Our most recent newsletter – which has just been posted on our website – features a summary of a paper that was published earlier this year in the Journal of the American Medical Association (JAMA) Ophthalmology.  The paper showed there was no significant difference between the visual acuity of children who underwent primary intraocular lens (IOL) implantation and those who were fitted with contact lenses.  However, there were significantly more adverse events and additional intraoperative procedures in the IOL group.  Based on these findings, the authors recommended that for infants with unilateral cataract the best option was generally to leave the eye aphakic and use a contact lens – rather than an IOL – for vision correction.

While IOLs are now the preferred option for correcting aphakia in adults – and also generally for older children – their use in babies and infants is still controversial.  IOLs have been implanted in babies as young as 8 days and they obviously have the advantage of providing a constant correction to an aphakic eye with optics similar to those of the normal human lens.  This permanent (pseuodphakic) correction then obviates the need for the parents to perform contact lens insertion and removal on their child, thus making their life a little bit easier.

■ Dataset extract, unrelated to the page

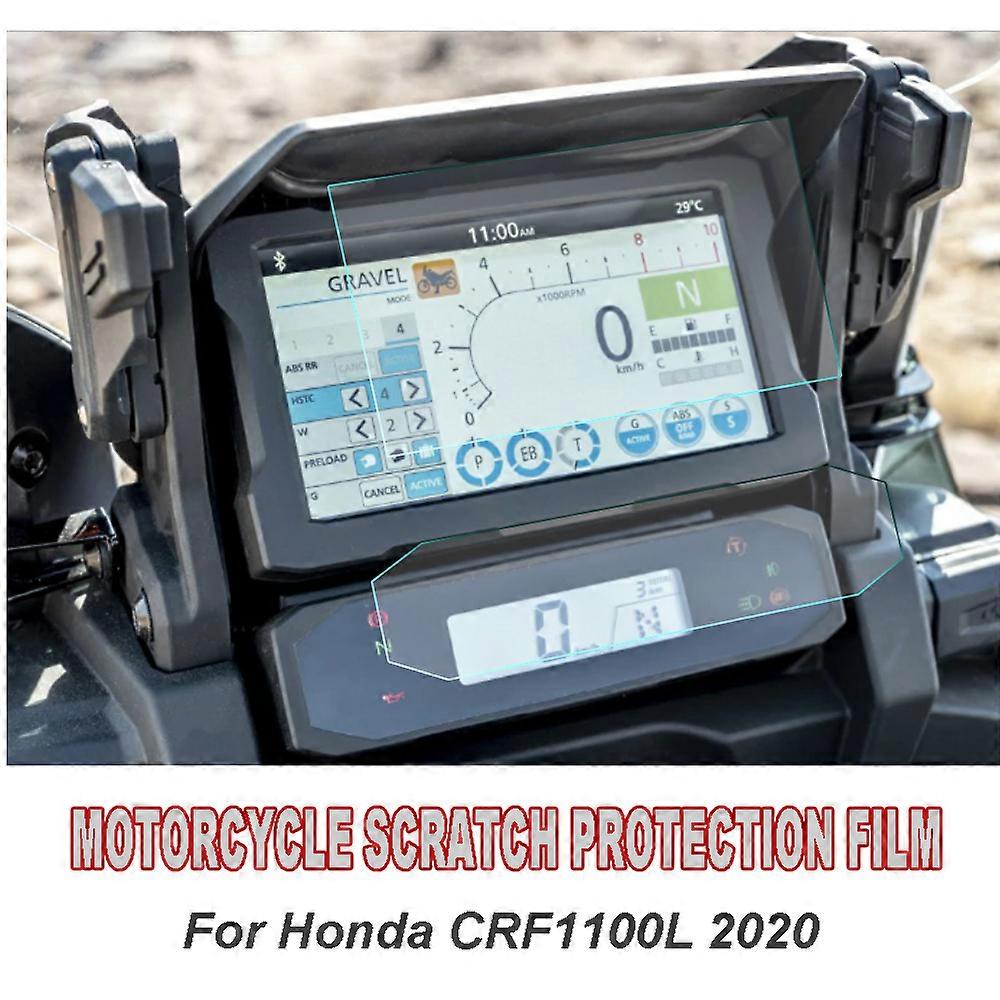 Μοτοσικλέτα για Honda CRF1100L CRF1100 L CRF 1100L Αφρική δίδυμα 2020 εξαρτήματα προστασίας οθόνης ταινιών προστασίας γρατσουνιών συμπλέγματος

Unfortunately, there are many disadvantages associated with the use of IOLs in infantile eyes.  The infantile eye requires a smaller diameter IOL which can lead to problems as the eye grows and there is also a greater risk of ocular complications (as confirmed by the paper).  In addition, the subsequent myopic shift that occurs in a normal eye due to axial elongation as the eye grows means that the pseudophakic infantile eye will eventually become highly myopic.